■ Exercise material ■
──────────

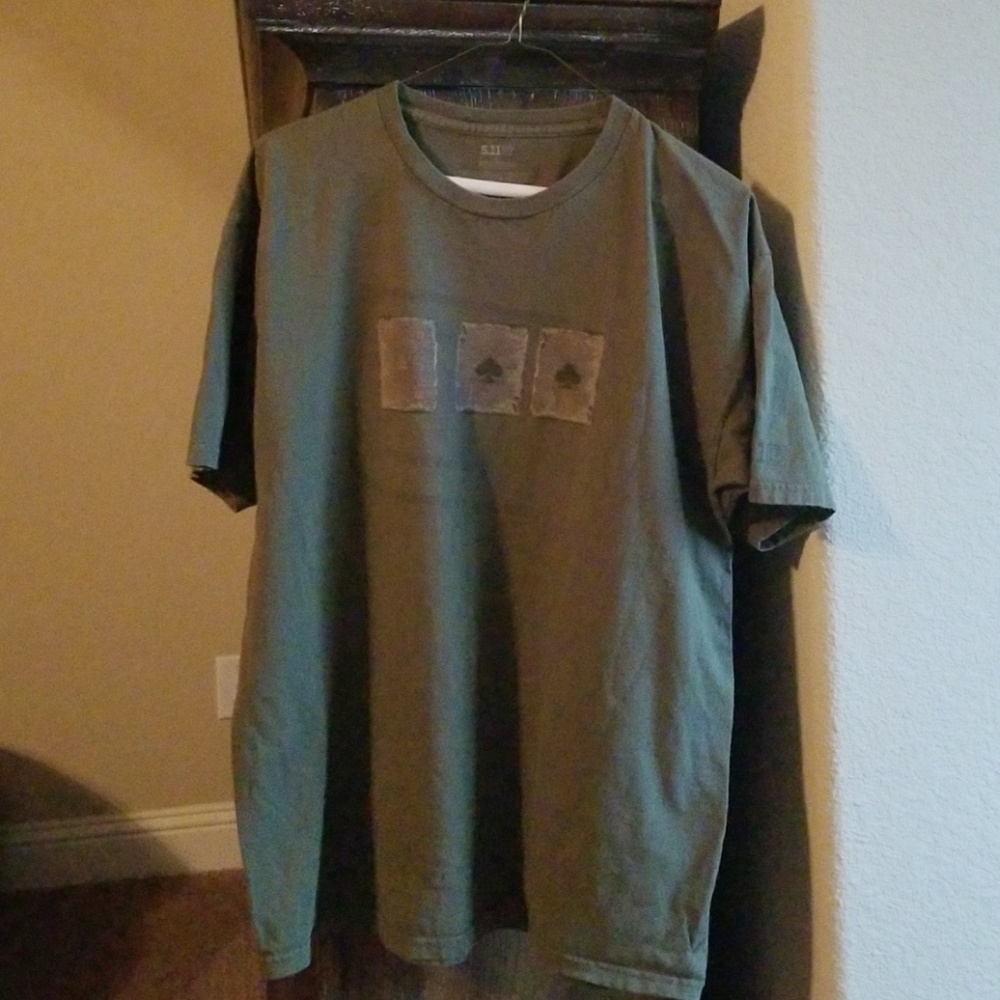 Men's t-shirt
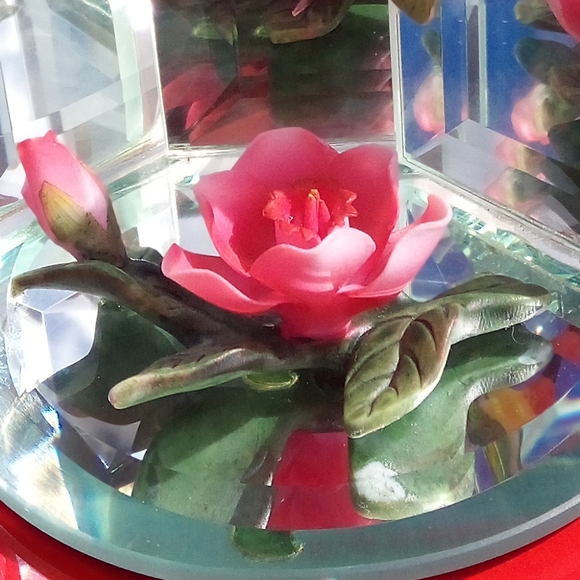 Hand Crafted Glass Hummingbird & Flowers Panarama - Picture 10 of 10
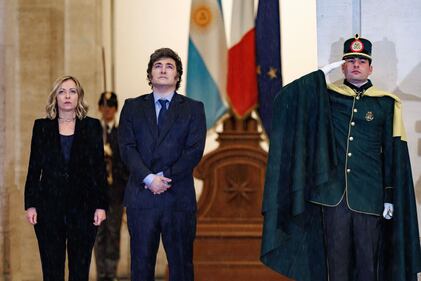 Giorgia Meloni e Javier Milei, incontro di un'ora a palazzo Chigi 9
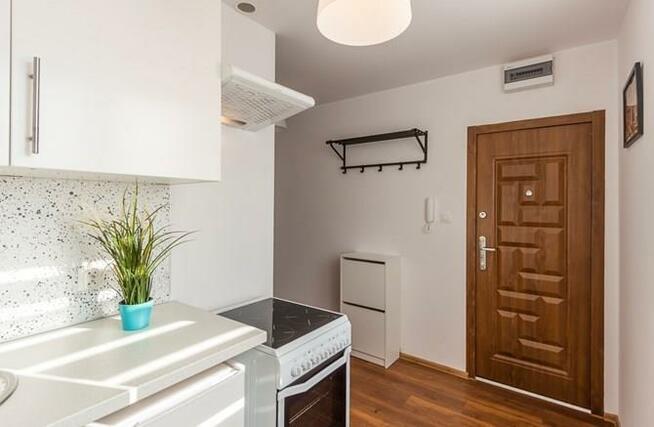 Wynajmę jasną kawalerkę w centrum, Słupecka 21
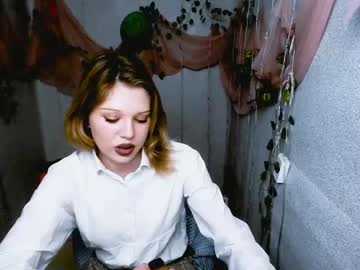 Naughty_Mia_S Chaturbate stream image from April 11, 2025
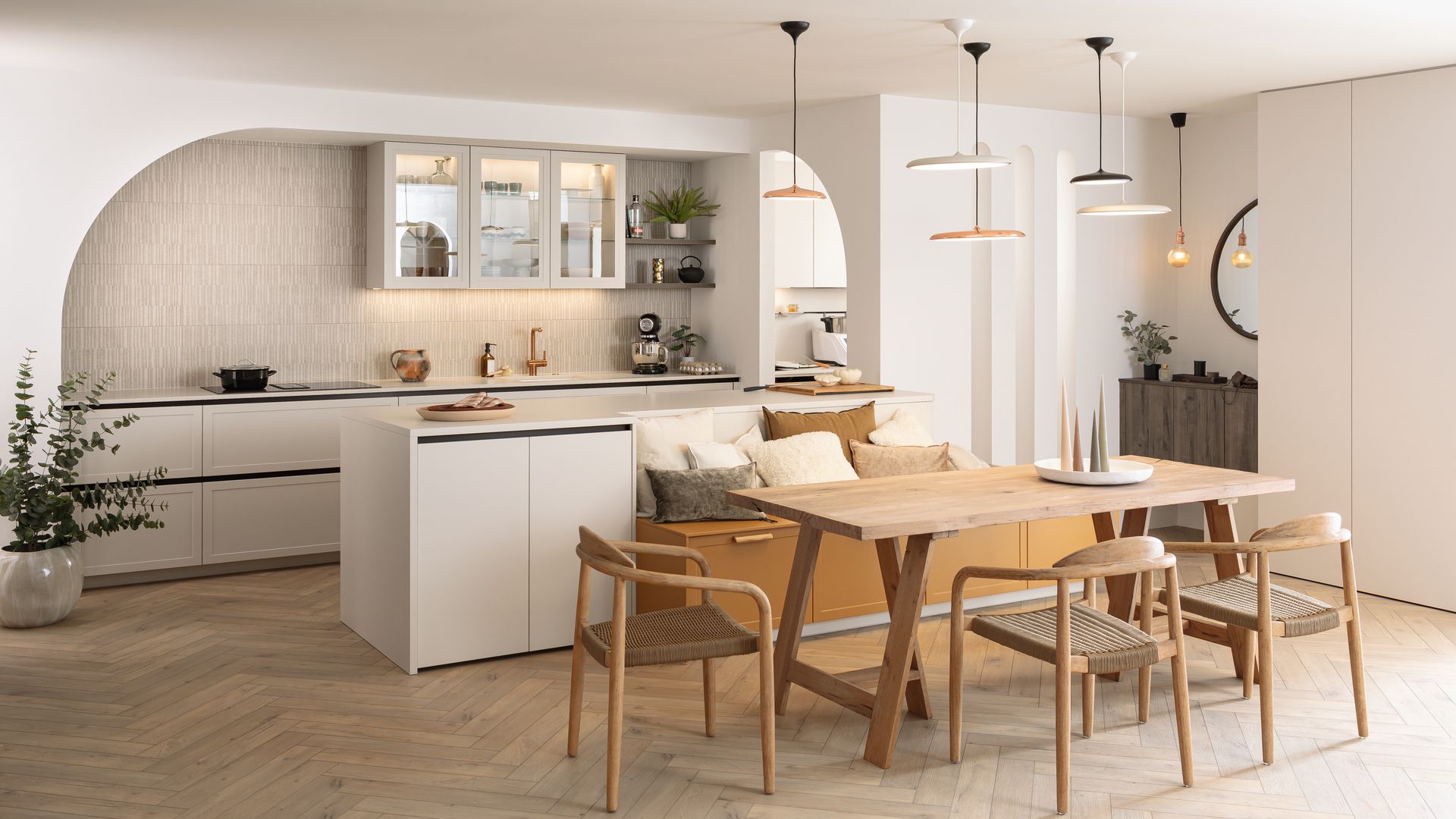 Office y cocina abierta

──────────

■ What is expected ■
Pictures in the records are to be left out; repeat everything else exactly.

■ Response to this task ■
 Men's t-shirt
 Hand Crafted Glass Hummingbird & Flowers Panarama - Picture 10 of 10
 Giorgia Meloni e Javier Milei, incontro di un'ora a palazzo Chigi 9
 Wynajmę jasną kawalerkę w centrum, Słupecka 21
 Naughty_Mia_S Chaturbate stream image from April 11, 2025
 Office y cocina abierta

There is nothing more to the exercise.